We run a 1.9 diesel renault megane estate, everyday, I take our wee dog into town for her walk(a 4.6 km drive), she gets her stroll, I get a couple of beers, my wife gets peace, I get a chance to improve my Spanish, the dog get a chance to sniff other dog's bums and I can do that all on 2.60 euros per day... not pounds.


----------



## Sirtravelot (Jul 20, 2011)

dunmovin said:


> If you don't smoke, don't drink a lot, don't run a huge car (chelsea tractor,bmw x5 or the likes), can do without Auntie Bessie's Yorkshire puddings (which, by the way,are made for people who can't mix flour and water) can do without aircon in every room.......You could get by on 800 euros per month.
> That includes twice a week having lunch as a 3 to 5 course "Menu del Dia" in a cafe.
> 
> We run a 1.9 diesel renault megane estate, everyday, I take our wee dog into town for her walk(a 4.6 km drive), she gets her stroll, I get a couple of beers, my wife gets peace, I get a chance to improve my Spanish, the dog get a chance to sniff other dog's bums and I can do that all on 2.60 euros per day... not pounds.


Sounds brilliant! Thanks


----------



## jojo (Sep 20, 2007)

I always say as a rule of thumb that its best to budget initially on how much you spend in the UK and use that as your guide. It may well be a bit less, as things are a bit cheaper, but at the same time you may well do more (go out more, sight see...). For example, I found that altho petrol was cheaper in Spain I spent more on it cos I had to drive alot more. If someone has children, it can be costly if they want to do stuff (theme parks, clubs, electronic games etc which are more expensive....) So its "swings and roundabouts"

Jo xxx


----------



## Bfpijuan (Apr 6, 2011)

My husband and I spend less than 1800 a month. However, that includes two mortgages and all the things that go along with owning two houses (taxes, insurance, maintenance, and utilities).


----------



## baldilocks (Mar 7, 2010)

€600 per month for 3 adults and two dogs, but we tend to live economically and the neighbours often offload surplus produce on us.


----------



## mrypg9 (Apr 26, 2008)

How long is a piece of string?

There are as many answers to that question as there are immigrants with their varying lifestyles.

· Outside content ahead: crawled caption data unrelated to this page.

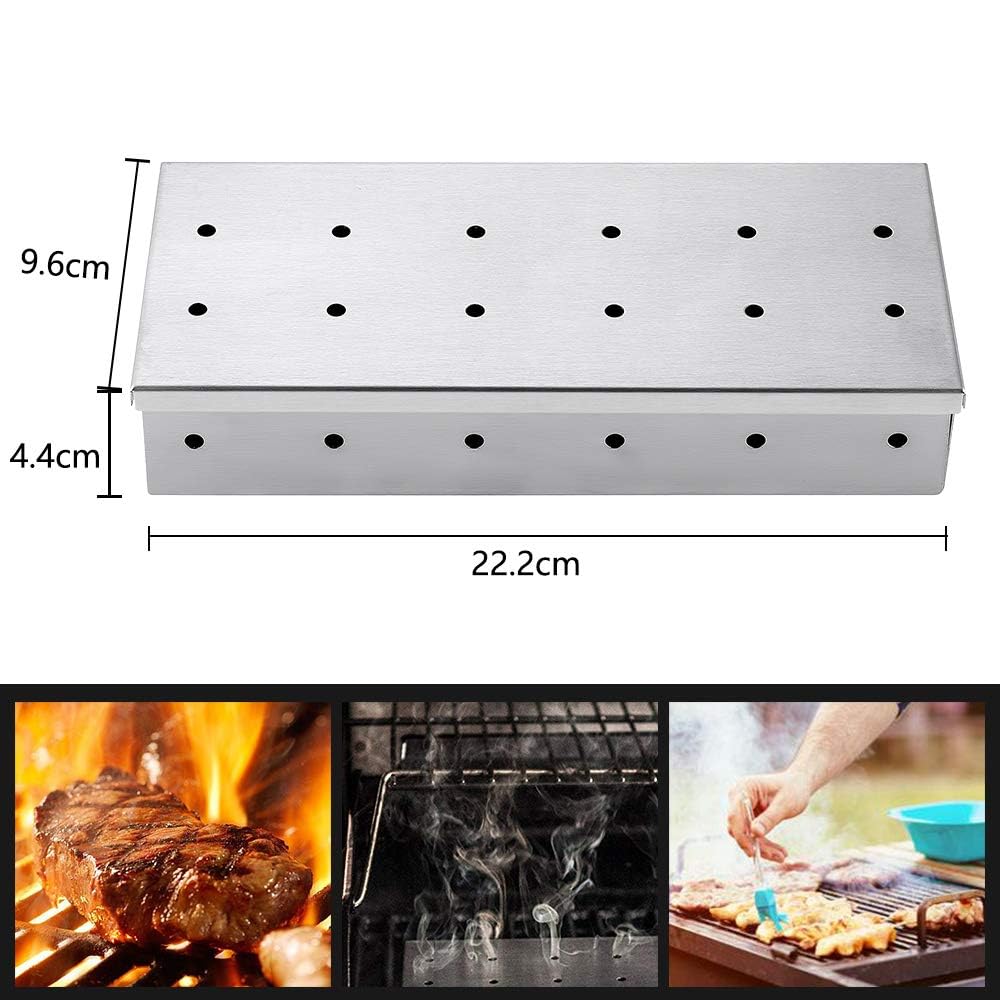 Stainless-Steel BBQ Smoker Box with Hinged Lid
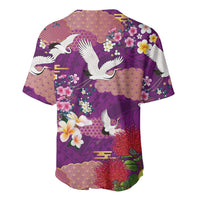 Hawaiian and Japanese Culture Together Baseball Jersey Purple Ohia Lehua Plumeria and Sakura Blooming - Polynesian Pride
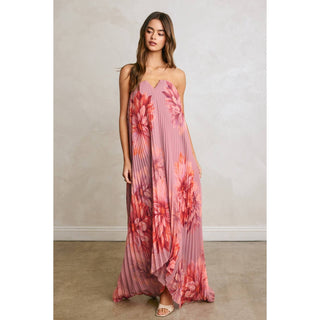Pleated Maxi Dress in Dahlia Garden
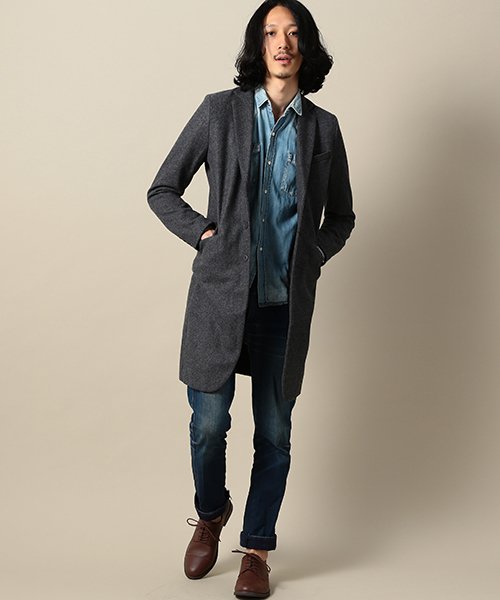 CIAOPANIC（チャオパニック）の「《WEB限定》【HARDCOVER】WOOLチェスター（チェスターコート・メンズ・キャメル/チャコールグレー・MEDIUM/LARGE）」の2枚目の写真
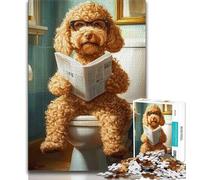 Puzzle per adolescenti Golden Doodle in The Toilet Puzzle da 1000 pezzi per adulti gioco stimolante ideale come regalo per tutta la famiglia (50x75cm)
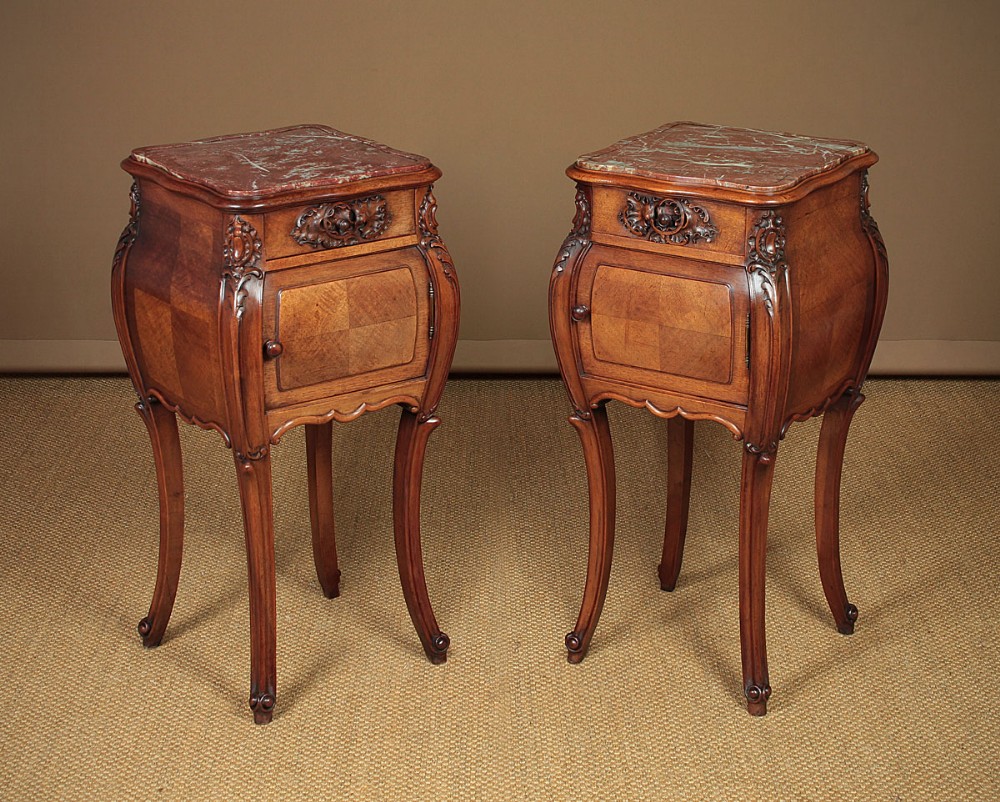 Pair French Walnut & Marble Top Side Cabinets c.1890.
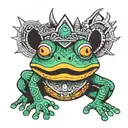 Frog wearing aztec war mask tattoo design idea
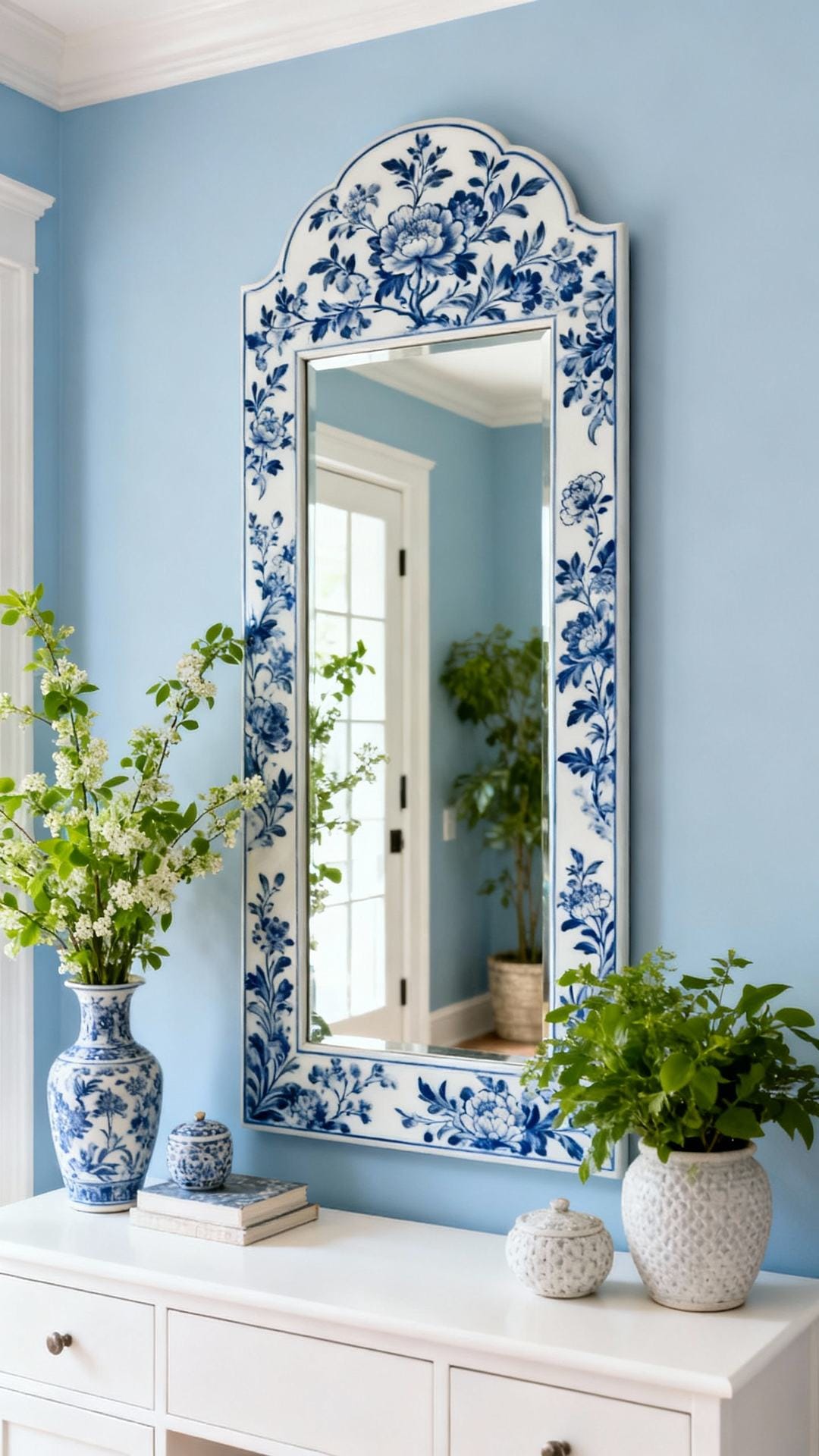 Classic Blue-and-White With Chinoiserie Mirror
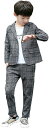 フォーマルスーツ キッズ チェック柄 2点セット グレー 発表会 紳士服 入園式 入学式 卒業式 150 (グレー, 150(身長135-145cm))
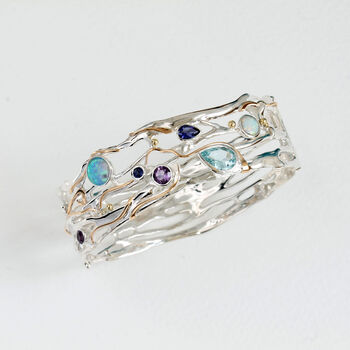 Hinged Sterling Silver Purple And Blue Gemstone Bangle, 5 of 6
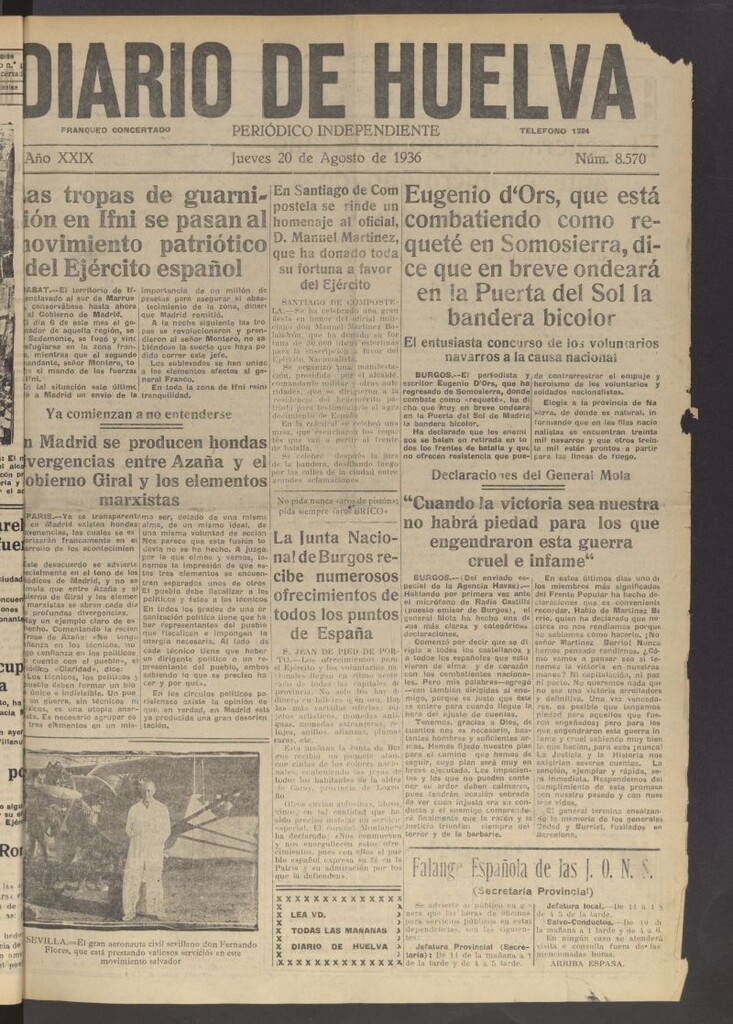 Miniatura de Diario de Huelva : periódico independiente del 20 de agosto de 1936
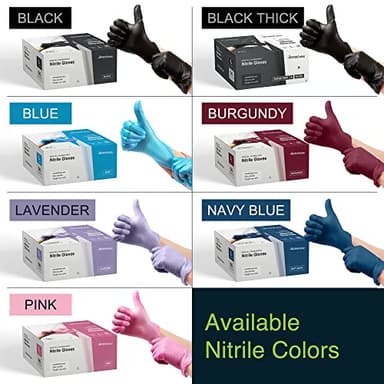 Disposable Black Nitrile Gloves Large 100 Count - Extra Thick 4.5 Mil - Powder and Latex Free Rubber Gloves - Surgical Medical Exam Gloves - Food Safe Cooking Gloves - Image 8
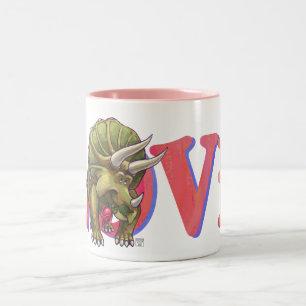 Triceratops In Love Valentine's Day Two-Tone Coffee Mug
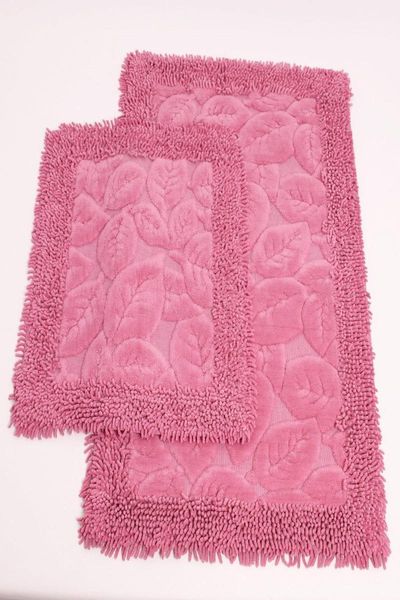 

bath mats 2-piece cotton closet set leaf pink st02321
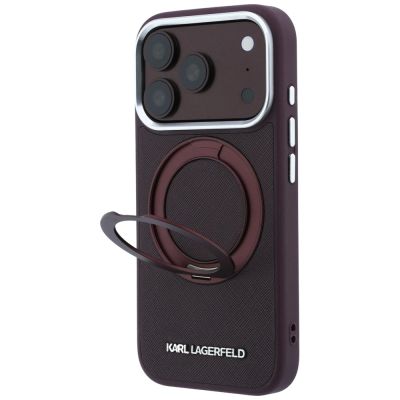 2. Karl Lagerfeld Ring Stand 360 Saffiano Classic Logo MagSafe Hülle für iPhone 18 Pro Max / 17 Pro Max - bordeauxrot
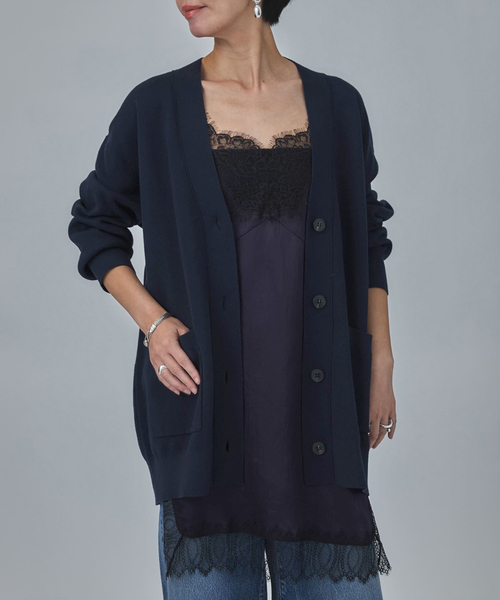 VERMEIL par iena(ヴェルメイユパーイエナ)の「コットンカシミヤ WジャガードVネックカーディガン(カーディガン/ボレロ・レディース・ネイビー/ライトグレー・FREE)」の16枚目の写真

We are two people with a large dog and all in all get through about 3000 euros a month but....

That includes our rent which takes up the largest percentage and I have calculated on a yearly not monthly basis as you must factor in such things as insurance, repairs to vehicles and domestic appliances, new clothing, tax for vehicles, health costs if appropriate, travel outside Spain plus all the unexpected yet inevitable extras that often cost quite large sums as for example when my partner's mother was terminally ill in Scotland and she was flying over at least once a month.

As a rule of thumb imo it's best to overestimate by a third but then I'm uber-cautious...


----------



## 90199 (Mar 21, 2010)

One other important consideration, It also depends on the area of Spain you are going to live. 

Here we only have 5% V.A.T. so many things are a lot cheaper than U.K. prices, also if you live away from the tourist traps, prices are also cheaper.


----------



## dunmovin (Dec 19, 2008)

Hepa said:


> One other important consideration, It also depends on the area of Spain you are going to live.
> 
> Here we only have 5% V.A.T. so many things are a lot cheaper than U.K. prices, also if you live away from the tourist traps, prices are also cheaper.


I try to consider 1 euro equal to 1 pound (me being a miserable ,tightarsed Scots git) find I am less miserable whenthe exchange rate works in our favour.


----------



## mrypg9 (Apr 26, 2008)

dunmovin said:


> I try to consider 1 euro equal to 1 pound (me being a miserable ,tightarsed Scots git) find I am less miserable whenthe exchange rate works in our favour.


Which is exactly what we did when planning our move...all calculations on the basis of parity.

But then OH is Glaswegian....


----------



## Alcalaina (Aug 6, 2010)

When I was in the UK last month I found myself mentally converting the cost of things back to euros .... e.g. €3 for a cup of coffee.  Anyone else do this?


----------



## mrypg9 (Apr 26, 2008)

Alcalaina said:


> When I was in the UK last month I found myself mentally converting the cost of things back to euros .... e.g. €3 for a cup of coffee.  Anyone else do this?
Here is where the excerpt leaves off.